● What to work on
Look through the listing below for the line with "Couvre-lit matelassé blanc" and the line with "Design Plus Gallery". Copy both, along with every line between them, exactly and with no pictures.

● Information given
────────
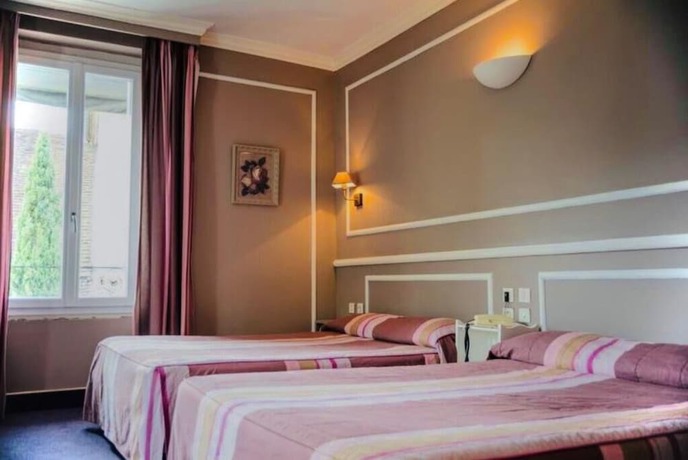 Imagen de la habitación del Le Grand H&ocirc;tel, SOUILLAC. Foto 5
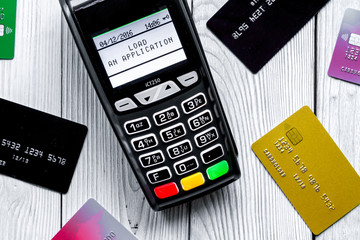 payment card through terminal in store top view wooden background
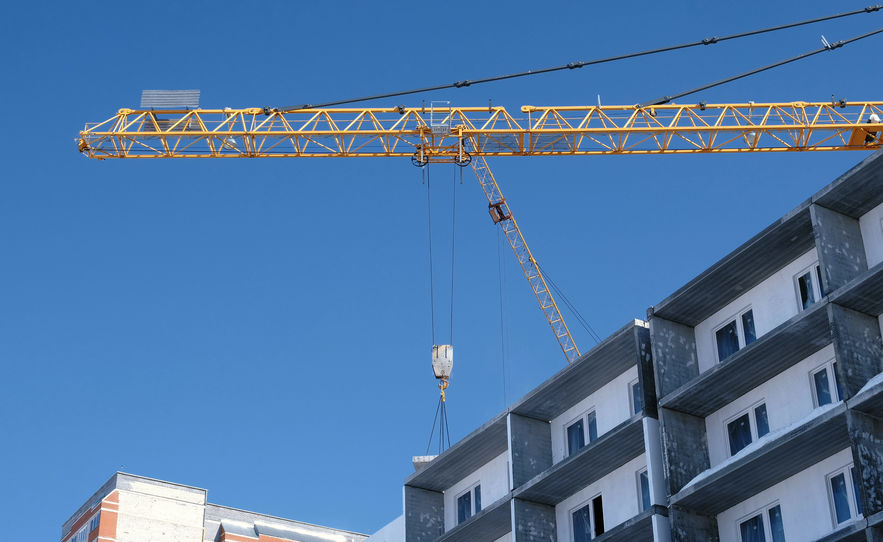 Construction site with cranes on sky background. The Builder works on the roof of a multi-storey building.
────────
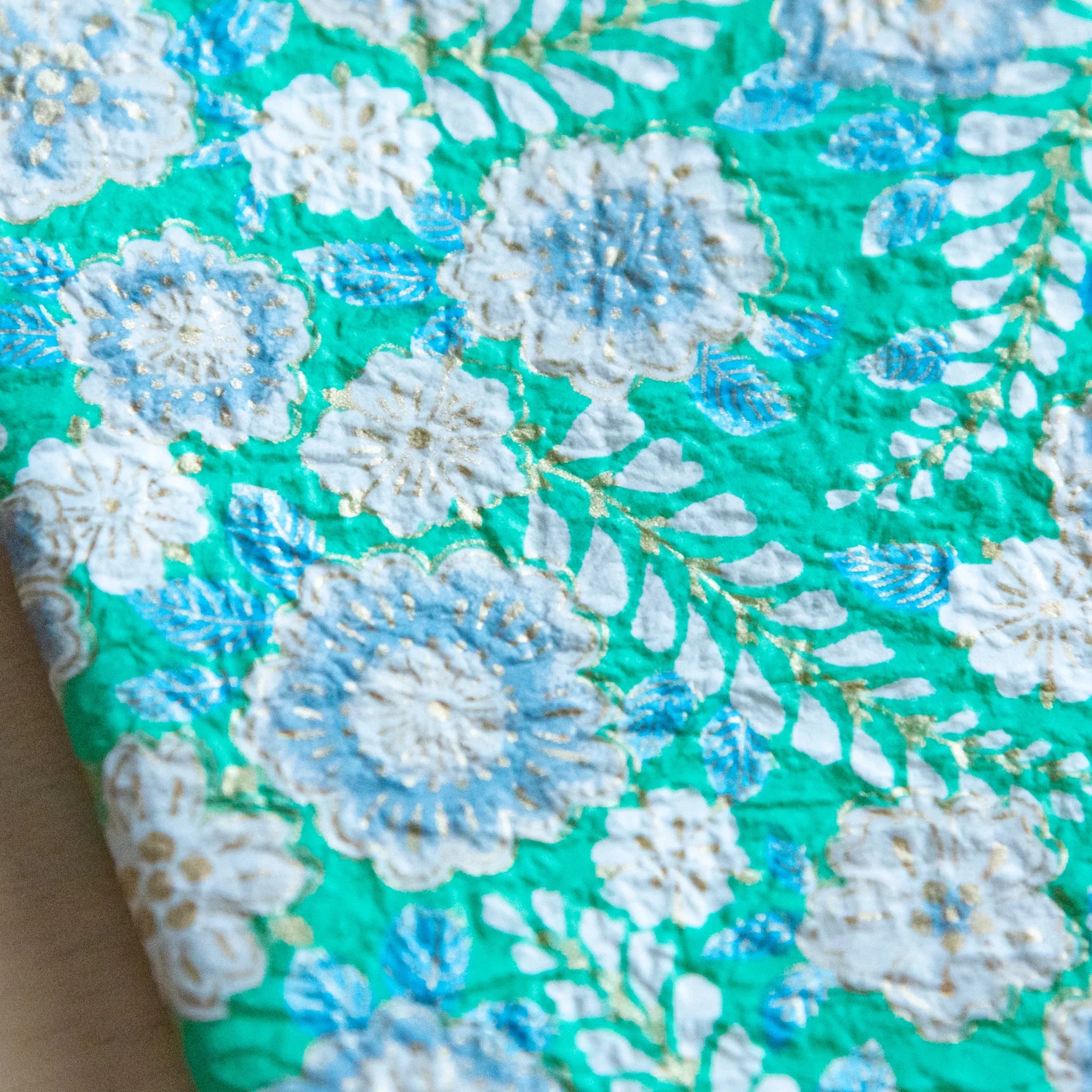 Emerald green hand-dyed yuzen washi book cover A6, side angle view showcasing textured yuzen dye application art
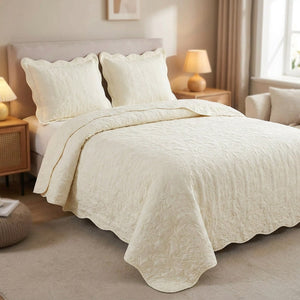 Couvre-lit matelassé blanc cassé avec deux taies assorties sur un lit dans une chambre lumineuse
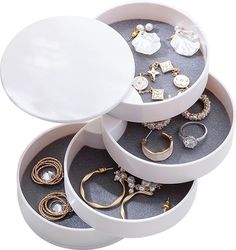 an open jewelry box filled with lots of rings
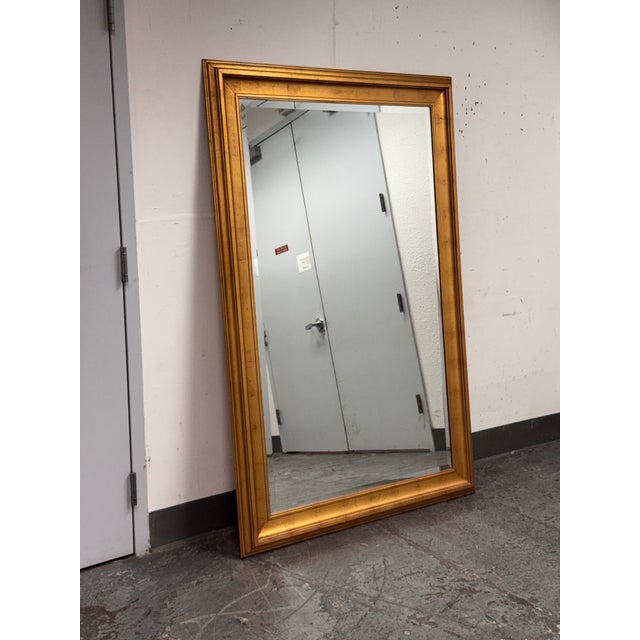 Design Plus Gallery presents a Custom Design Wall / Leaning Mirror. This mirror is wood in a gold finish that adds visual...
────────
● Task answer
 Couvre-lit matelassé blanc cassé avec deux taies assorties sur un lit dans une chambre lumineuse
 an open jewelry box filled with lots of rings
 Design Plus Gallery presents a Custom Design Wall / Leaning Mirror. This mirror is wood in a gold finish that adds visual...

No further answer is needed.